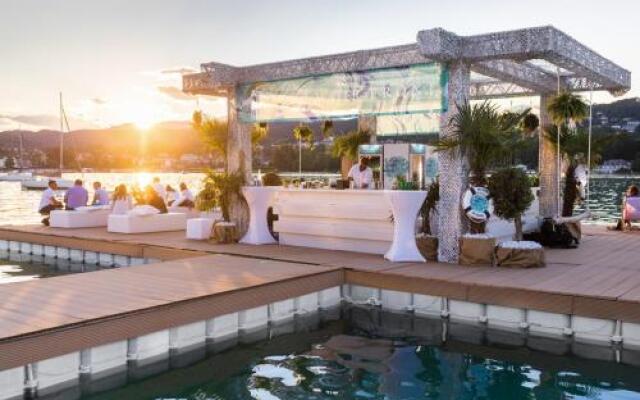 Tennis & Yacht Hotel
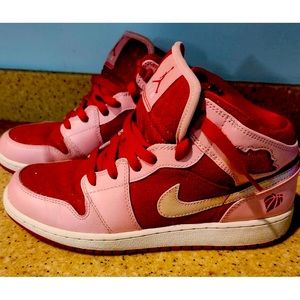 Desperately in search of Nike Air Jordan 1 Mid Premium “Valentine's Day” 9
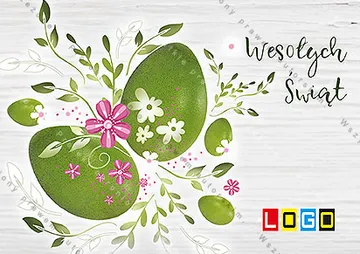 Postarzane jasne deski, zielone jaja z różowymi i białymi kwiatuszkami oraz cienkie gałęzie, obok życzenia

---

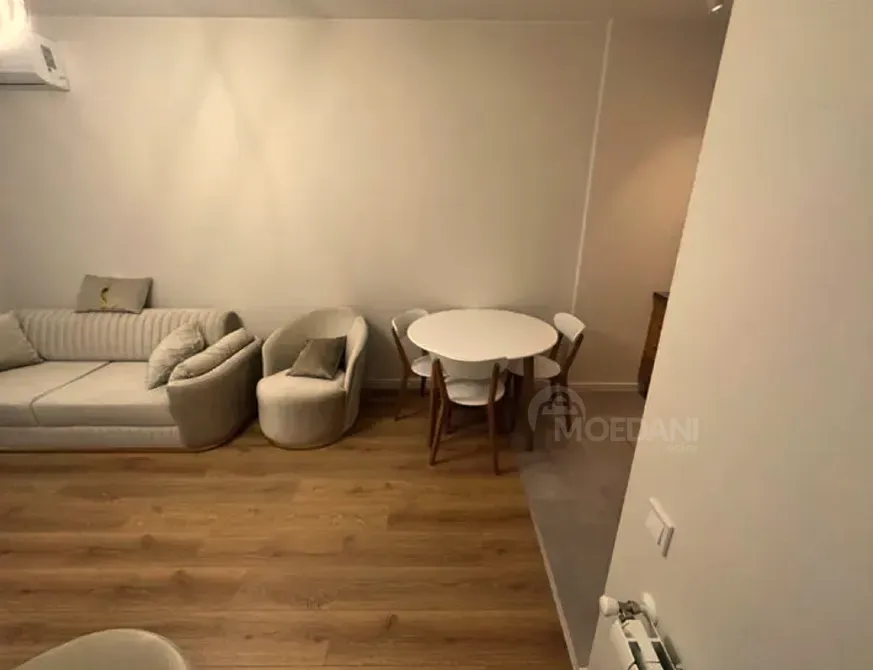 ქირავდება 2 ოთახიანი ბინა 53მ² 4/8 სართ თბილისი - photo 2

- Assigned task:
Output exactly the lines above, from the line with "Tennis & Yacht Hotel" to the line with "Postarzane jasne deski, zielone", both included; skip the pictures.

- Answer to this problem:
 Tennis & Yacht Hotel
 Desperately in search of Nike Air Jordan 1 Mid Premium “Valentine's Day” 9
 Postarzane jasne deski, zielone jaja z różowymi i białymi kwiatuszkami oraz cienkie gałęzie, obok życzenia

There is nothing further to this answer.